Di sisi lain, Como datang dengan ambisi besar meski berstatus tim promosi musim lalu. Di bawah pelatih Cesc Fabregas, klub tersebut berkembang menjadi kuda hitam yang berani menantang tim besar. Keberhasilan menyingkirkan Napoli di Coppa Italia melalui adu penalti pekan lalu meningkatkan kepercayaan diri mereka, apalagi mereka akan menghadapi Inter di semifinal bulan depan.
Meski demikian, performa Como di liga domestik sedikit menurun. Hasil imbang tanpa gol melawan Atalanta dan kekalahan mengejutkan 1-2 dari Fiorentina menjadi sinyal inkonsistensi. Absennya Alvaro Morata akibat kartu merah serta cedera beberapa pemain membuat Fabregas harus mengandalkan kreativitas Martin Baturina dan Nico Paz di lini serang. Paz diproyeksikan sebagai ujung tombak dalam skema yang lebih fleksibel dengan dukungan Maxence Caqueret untuk menambah kekuatan fisik.

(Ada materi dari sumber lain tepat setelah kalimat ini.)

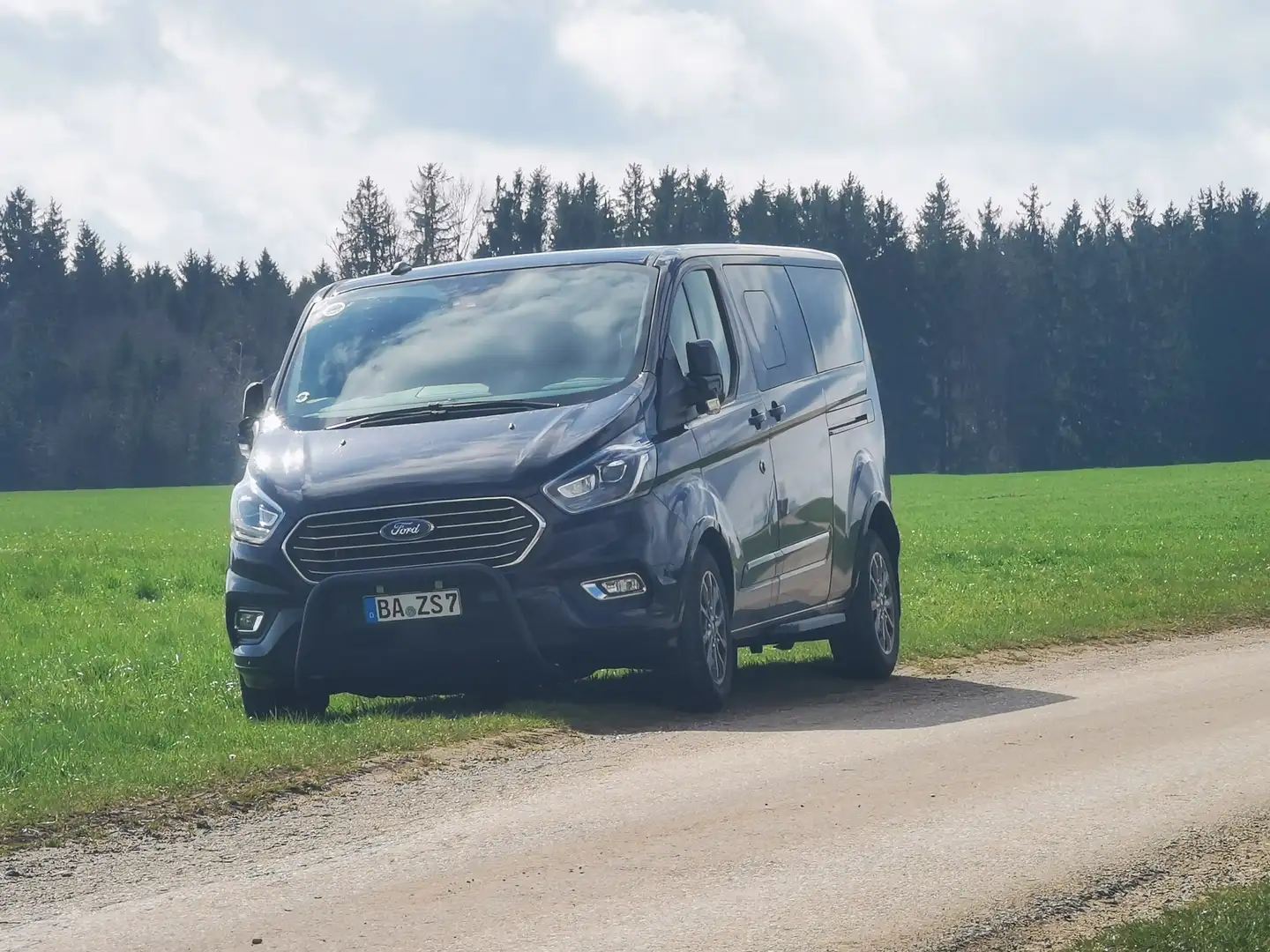 Ford Transit Custom 320 L2 Tourneo Titanium Schwarz - 1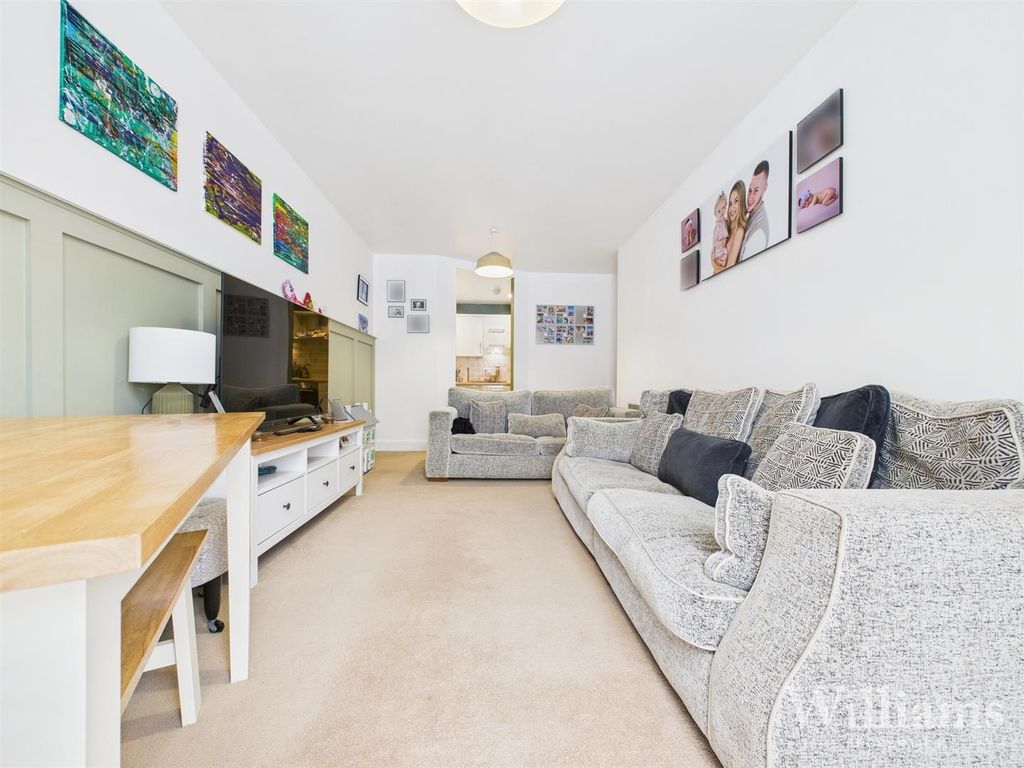 Property photo 1 of 12 Cam04950G0-Pr0039-Still009.Jpg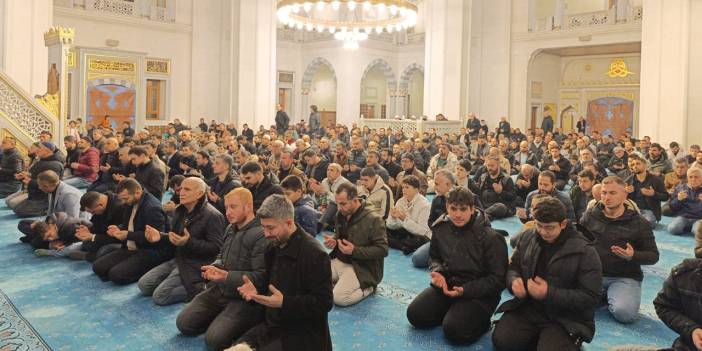 Nur Camii’nde Berat Kandili Coşkusu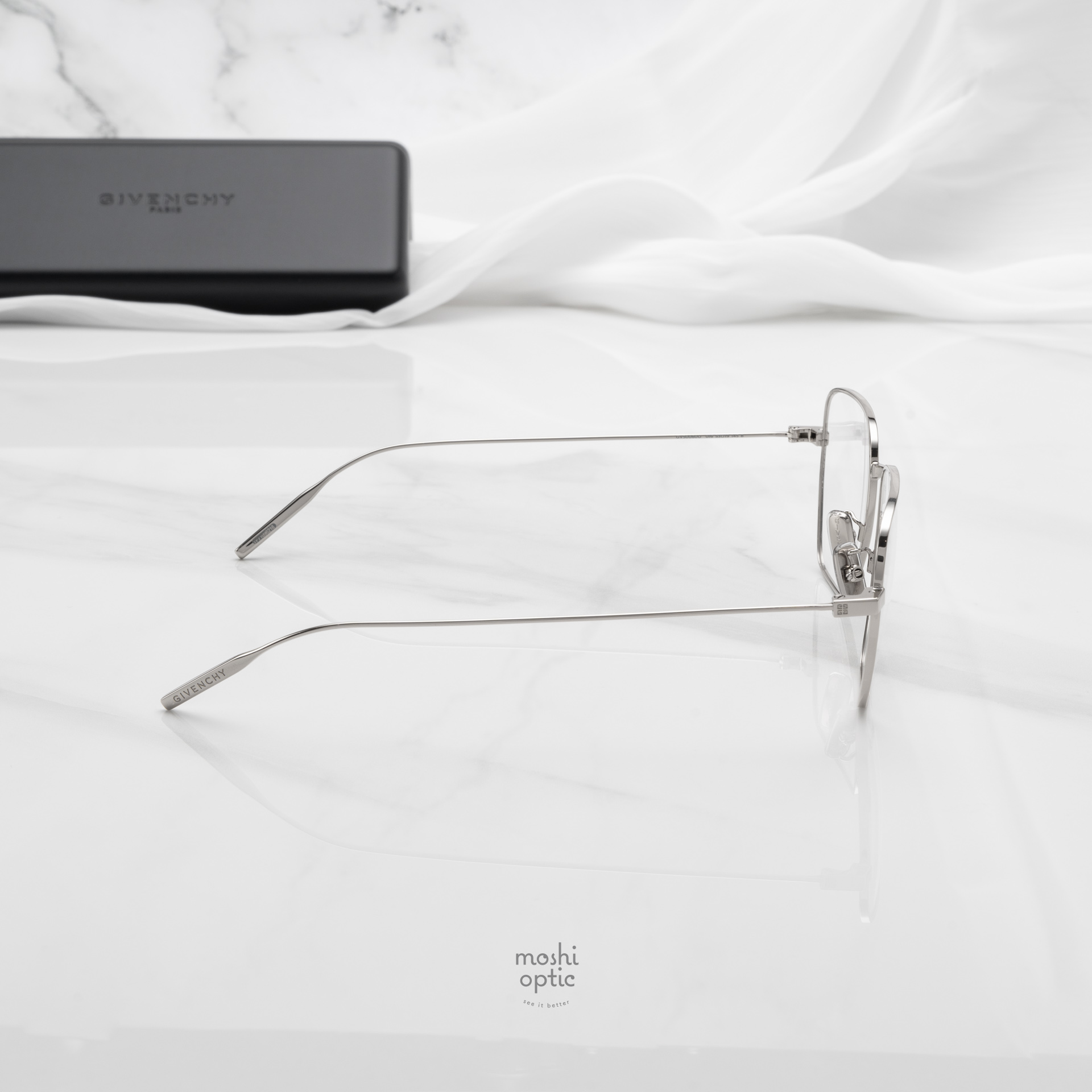 แว่นสายตา Givenchy GV50060U 016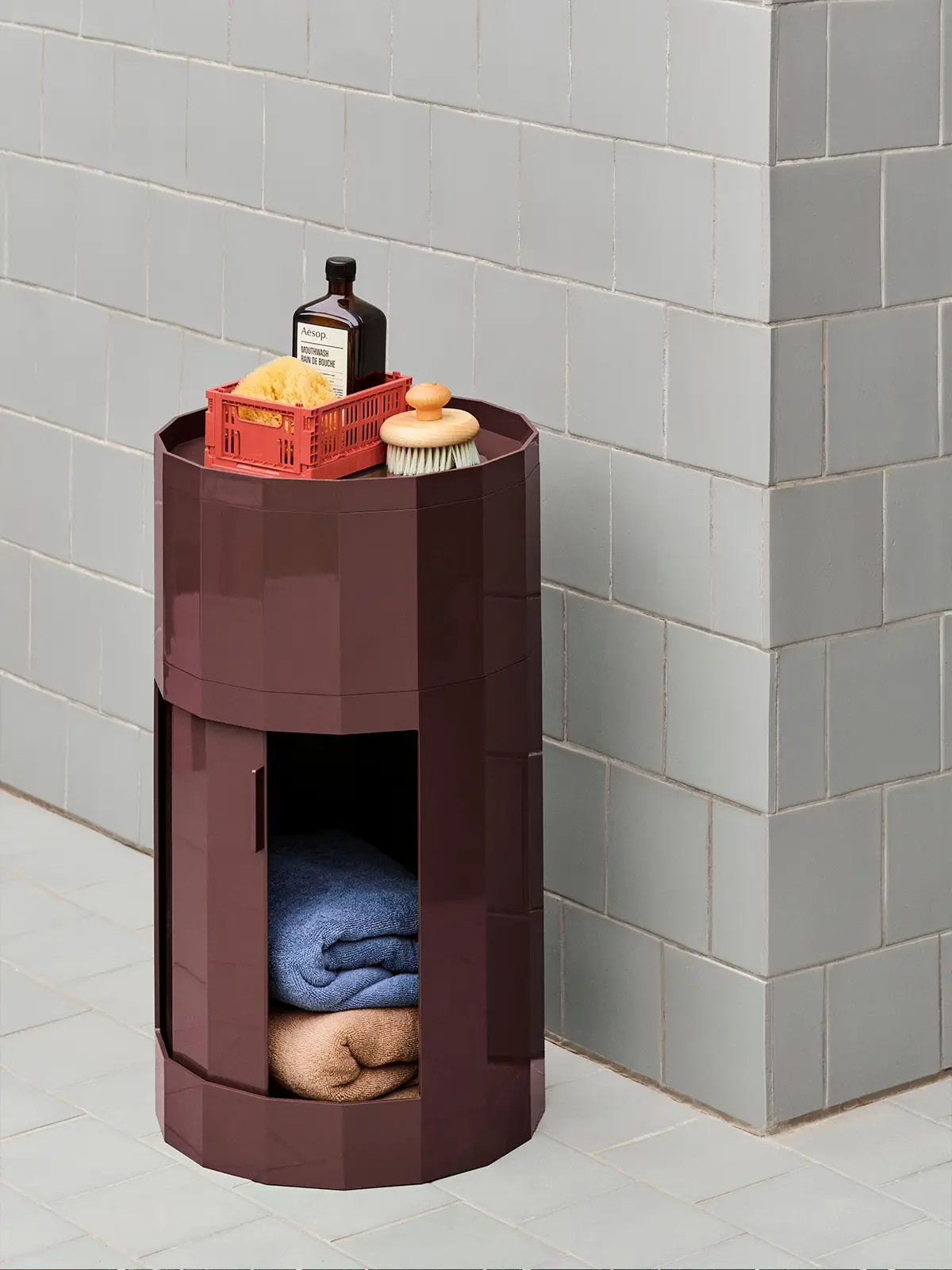 FACET CABINET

Secara historis, Como belum mampu menandingi Milan sejak kembali ke Serie A pada 2024. Mereka selalu kalah dalam tiga pertemuan terakhir, termasuk kekalahan 1-3 di kandang sendiri pada Januari lalu. Namun, status sebagai tim underdog justru memberi Como ruang untuk tampil tanpa tekanan, sementara Milan menghadapi tuntutan kemenangan demi menjaga asa juara.
Laga ini pun menjadi pertemuan dua tim dengan motivasi berbeda: Milan berjuang mempertahankan perburuan gelar, sementara Como ingin membuktikan bahwa proyek ambisius mereka mampu bersaing di level tertinggi sepak bola Italia. Pertandingan di San Siro dipastikan berlangsung intens, dengan kedua tim sama-sama membawa misi penting untuk perjalanan musim mereka.